The groups claim that more than 280 ancestral remains have already been excavated without public notice and that the archaeological contractor, PHRI, allegedly has plans to mail these remains off-island via parcel post.
In a letter sent to Guam Resorts Inc., the owner of the hotel, former Sen. Hope A. Cristobal asked for a meeting with hotel officials to discuss the preservation plans for the cemetery and the exact number of remains that have been removed, including when they were found and where the remains are being stored.
"We feel that the whole scale removal of this Chamorro cemetery is unnecessary and disrespectful. We want people to respect the dead in our ancestral cemeteries," Cristobal said.

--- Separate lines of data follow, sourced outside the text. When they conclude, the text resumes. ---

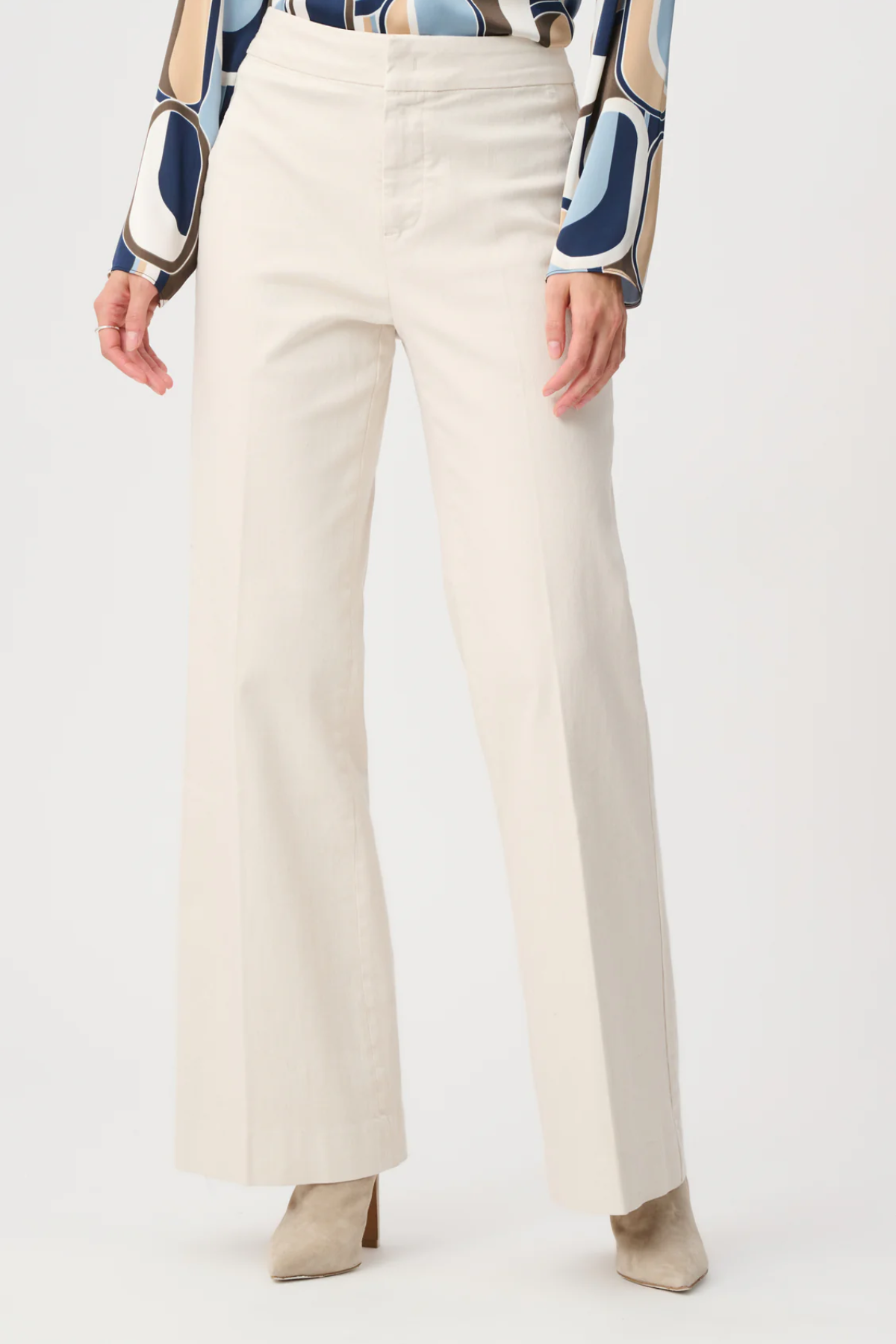 Model wearing white high-rise stretch denim wide-leg jeans with a full-length silhouette.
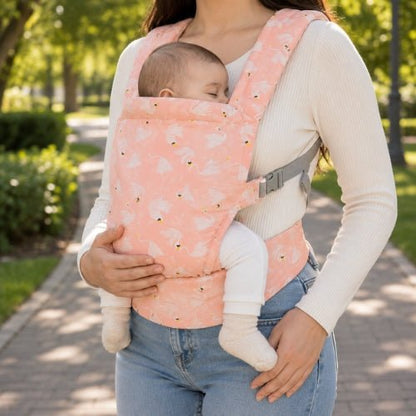 Porte bebe preforme rose imprimé porté devant dans un parc, vue de face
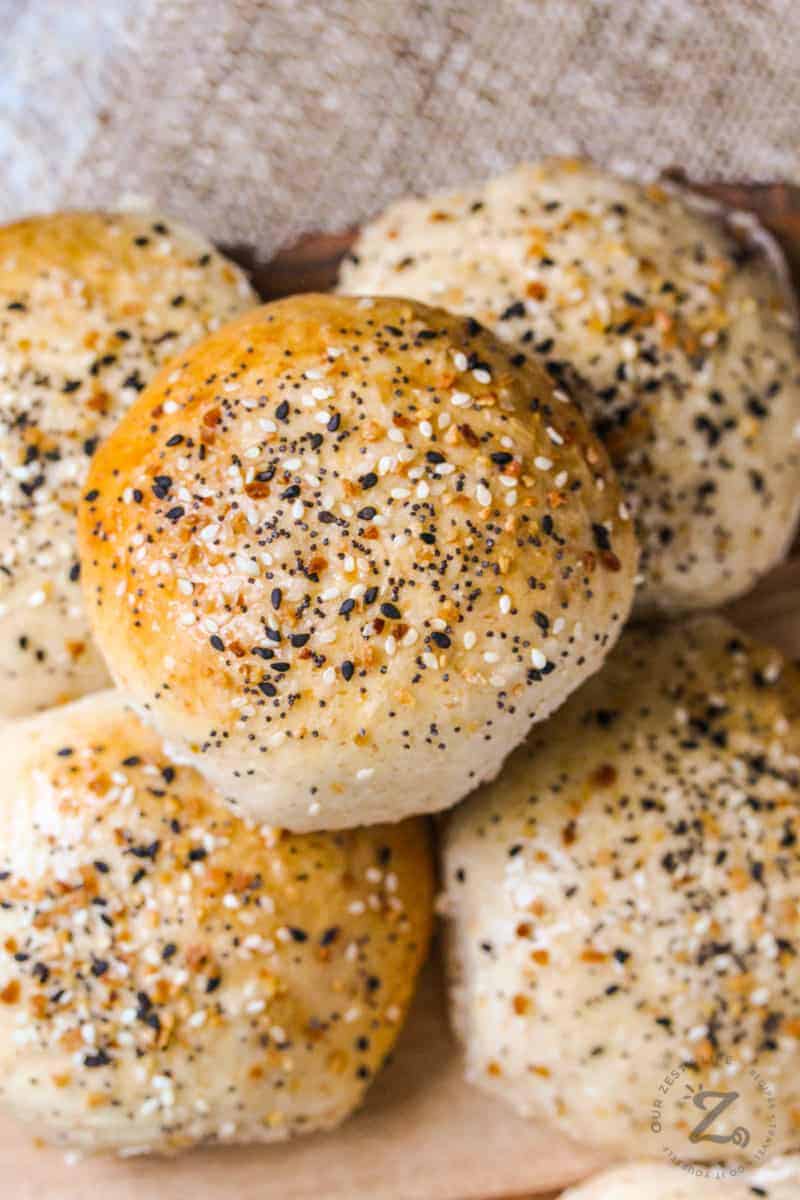 Hamburger buns in a pile with sesame seeds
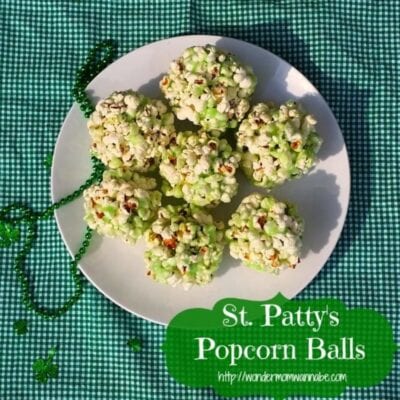 A white plate with seven St. Patty’s popcorn balls sits on a green checkered cloth, surrounded by green beads and a shamrock decoration. Text reads “St. Patty’s Popcorn Balls.”.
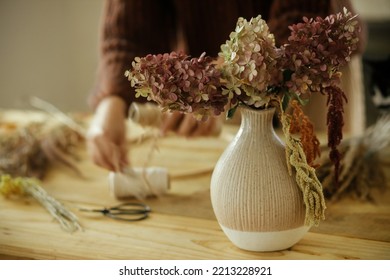 Dried hydrangea flowers in vase on background of woman arranging dried grass in wreath on wooden table. Making stylish autumn wreath on rustic table. Fall decor and arrangement in farmhouse - Shutterstock ID 2213228921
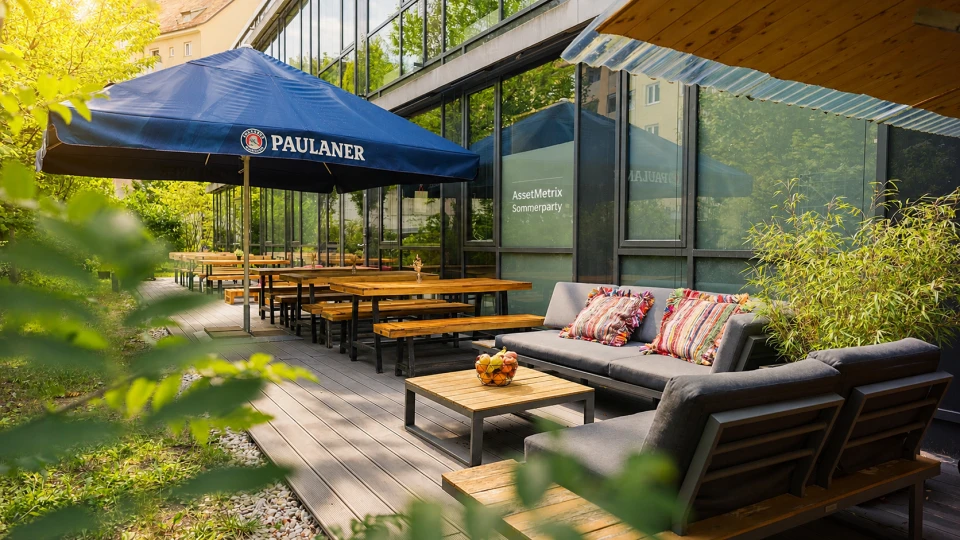 Außenterrasse eines Cafés mit einem großen blauen Paulaner-Sonnenschirm, hölzernen Bierzeltgarnituren und einer gemütlichen Sitzecke mit Sofa und Kissen.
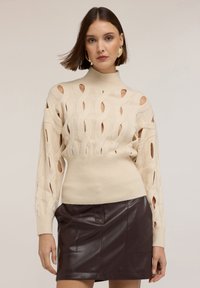 Beżowy sweter dzianinowy z wycięciami, wysoka szyja, ściągacze i dopasowana talia, w połączeniu z ciemnobrązową skórzaną mini spódnicą.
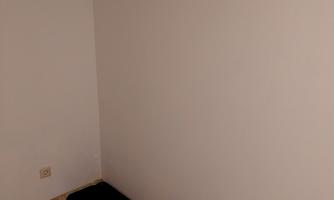 An empty wall with a coat hook shelf above it. Below are two black mats.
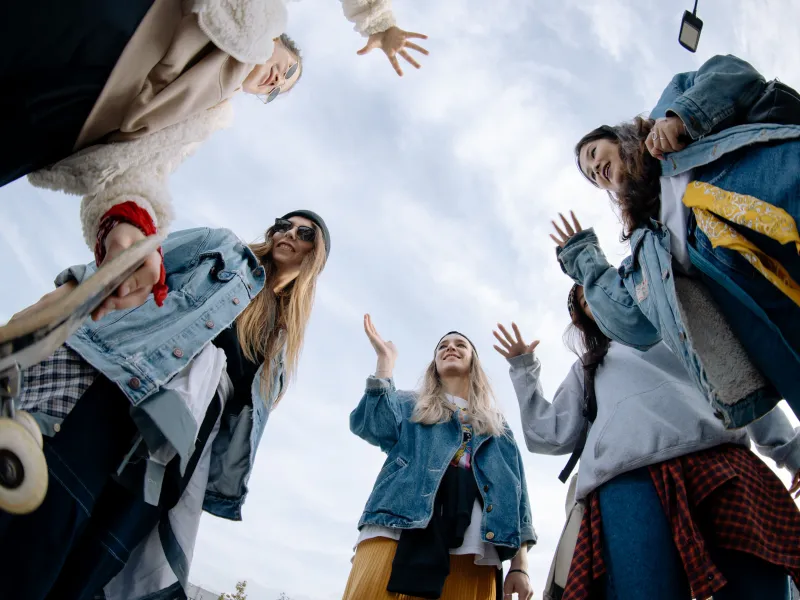 Women stood in a circle waving to each other with a blue sky behind them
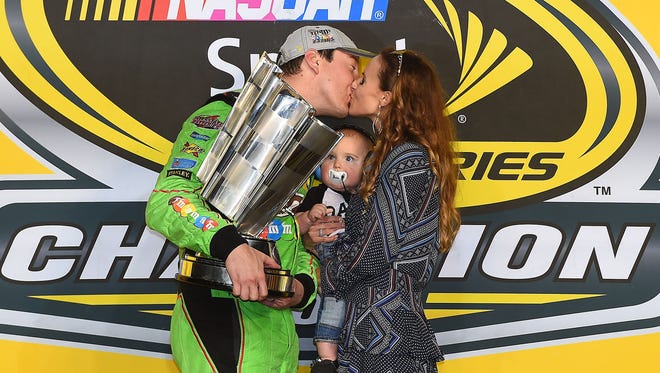 Busch celebrates his first career championship with wife Samantha and son Brexton on Nov. 22, 2015.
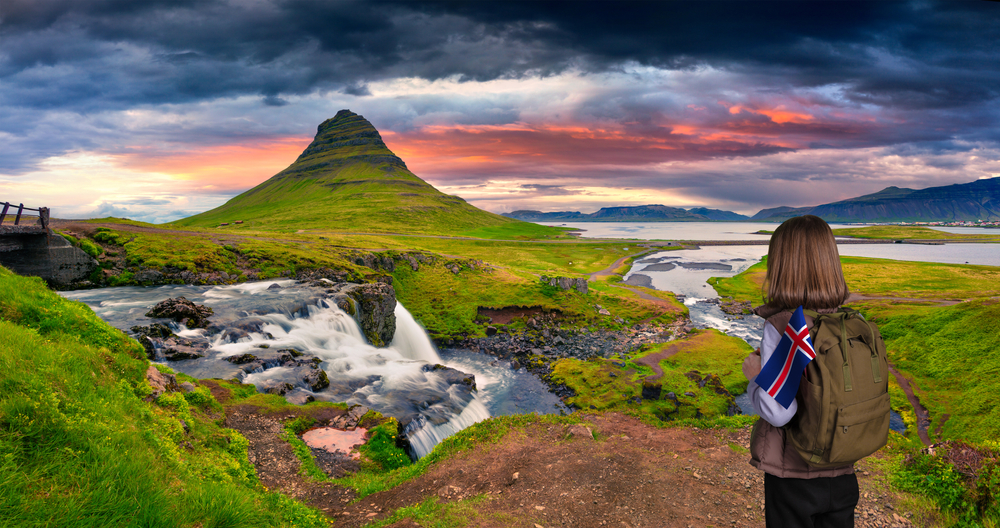 A woman with a backpack overlooks the green hills and sunset and falls in Iceland because she knew things people forget when packing for iceland and was prepared.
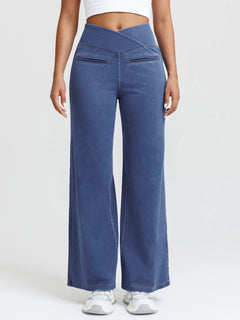 A model wearing a BRXL® Crossover Tummy Control Casual Wide Leg Jeans with Pockets Petite / Rinsed Navy / XS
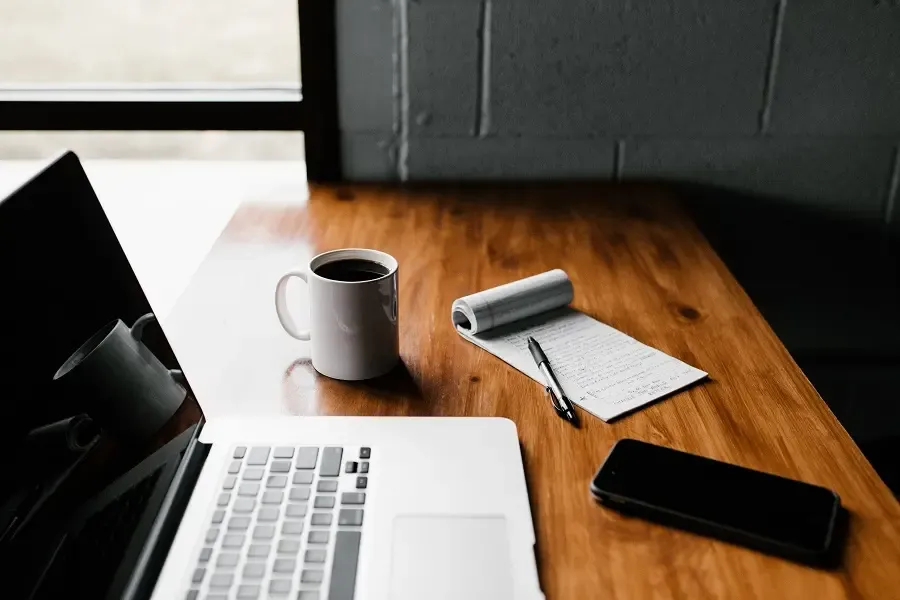 Open laptop, notebook, and coffee cup on a wooden desk – ready for focused work or a relaxed connection chat.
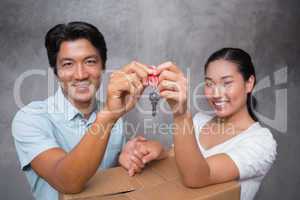 Happy couple holding house key and leaning on moving box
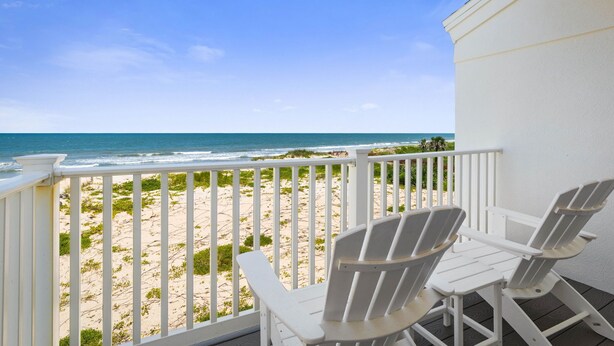 A balcony with white railings overlooking a beach with sand and sparse vegetation.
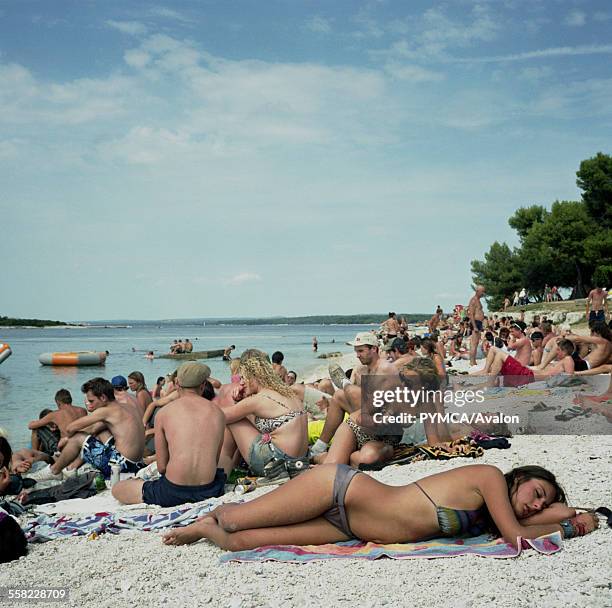 Girl sleeps on the beach at Outlook Festival 2010 in Croatia.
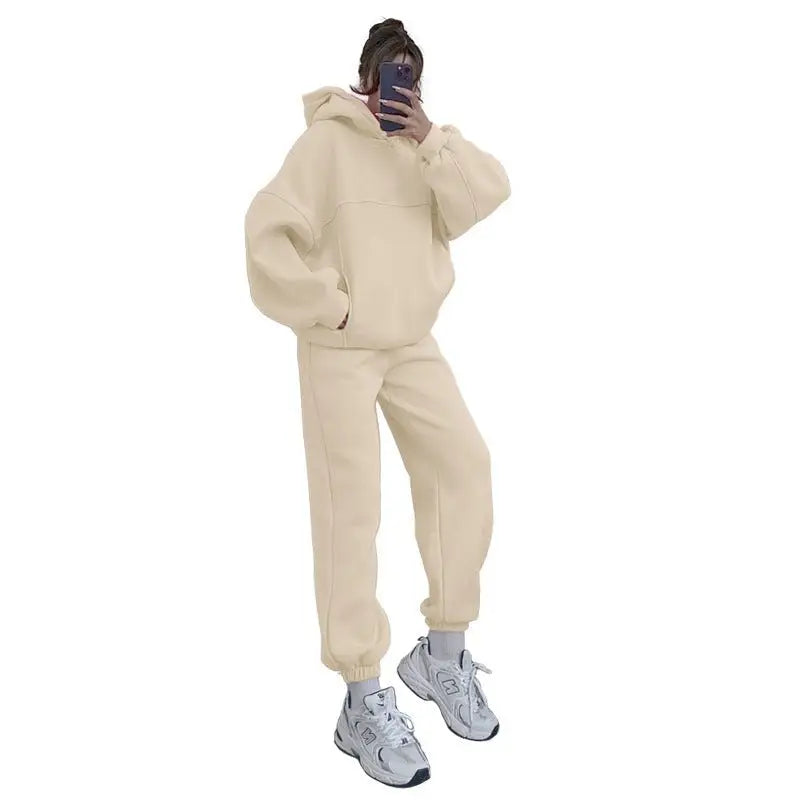 Person in casual comfy sweaters two piece winter solid color sweatsuit taking mirror selfie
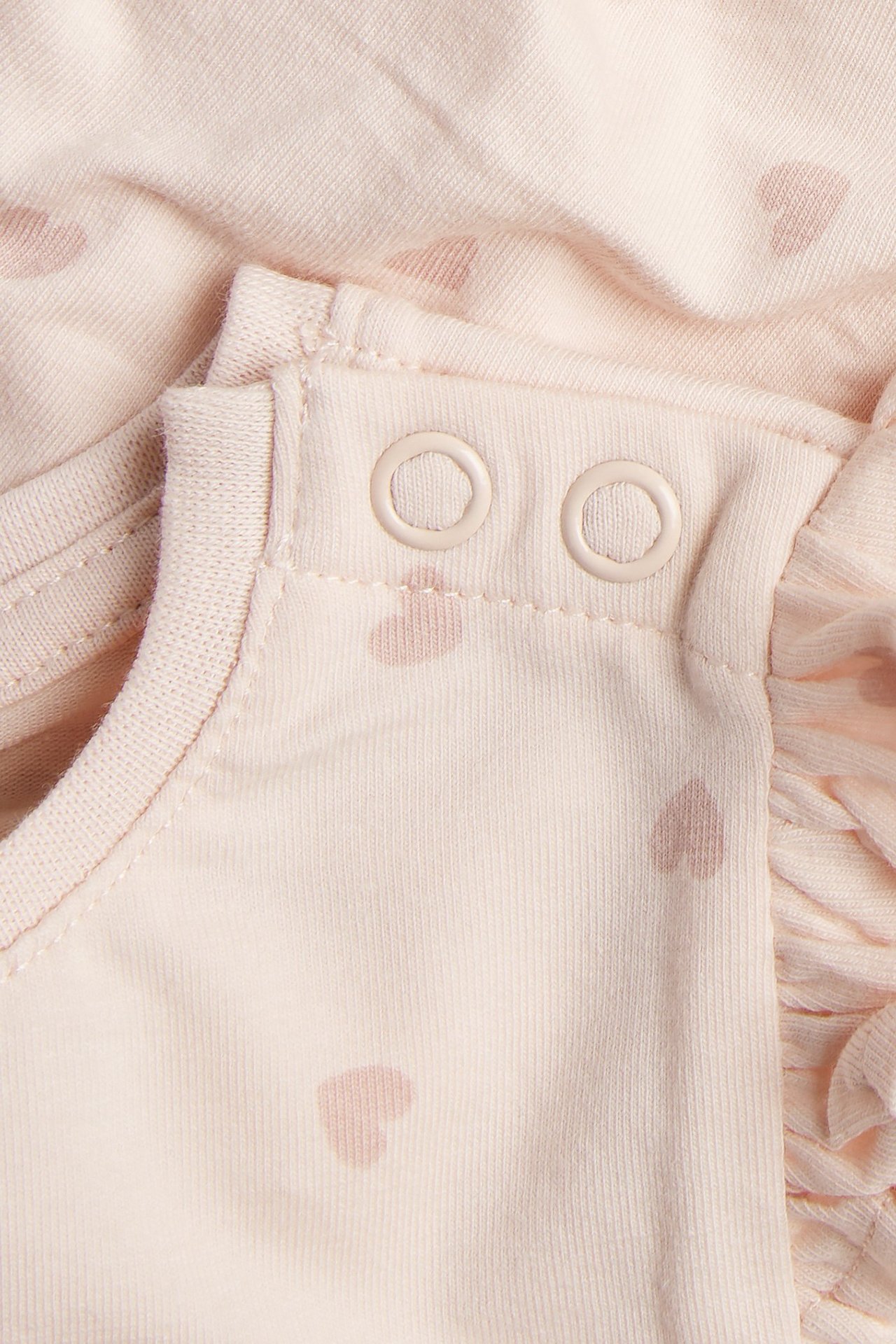 Långärmad body med hjärtan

The Chamorro groups are also asking the Hotel Okura to discuss the effects that the hotel’s construction activities are having on the existing cemetery, as well as the hotel’s re-internment plans.
"As the organizers of the Chamoru burial commemoration ceremony in September 2006 when 18 human remains were excavated, we communicated with your representative, Mr. Mark Day, our concerns that the Pre-Latte and Latte Period Chamoru cemetery and burials located on the current hotel renovation site are being desecrated. On Friday, July 27, Mr. Mark Day confirmed that one more month of these burial diggings remain. At that point, we again requested that the whole scale removal of this ancient Chamoru cemetery from its original site cease until we could meet," Cristobal said.
The Chamorro groups claim that over 280 human remains have now been secretly excavated from their final resting places without being accorded the traditional Chamorro ceremonies given to ancestral elders.
"Furthermore, your contractor, Mr. David Defunct of PHRI, has made a public statement implying that it is now our Chamoru elders and traditional masters of ceremonies who are suspect in grave diggings and destruction. We object to Mr. Defunct’s disrespectful and blasphemous statement; one that flies in the face of the profane purposes for excavating our ancestral elders’ ceremony in the first place," Cristobal said.
The Chamorro groups also allege that the "archaeo-business" contractor plans to mail Chamorro ancestral remains off-island via parcel post.
"This is unacceptable and we consider this another in the continuum of further desecrations in this treatment of our ancestral elders by your contractor," Cristobal said.
Just as the Japanese people have great respect for their dead, Cristobal said the Chamorros also respect their dead and thus, the hotel should stop further desecrations.
The letter was also signed by graduate student Victoria-Lola M. Leon Guerrero.
The owner of the Guam Hotel Okura is investing upwards of $30 million to create the new resort, which will have 23 luxury villas with both one and two-bedroom options.
Each villa will have its own individual swimming pool or Jacuzzi overlooking the ocean. In addition, there will be 68 luxury family-type suites and 148 deluxe rooms.
When completed, hotel management said the renovated Guam Hotel Okura will create a sense of opulence and privacy, blending with Guam’s natural surroundings to offer an unparalleled luxury destination resort.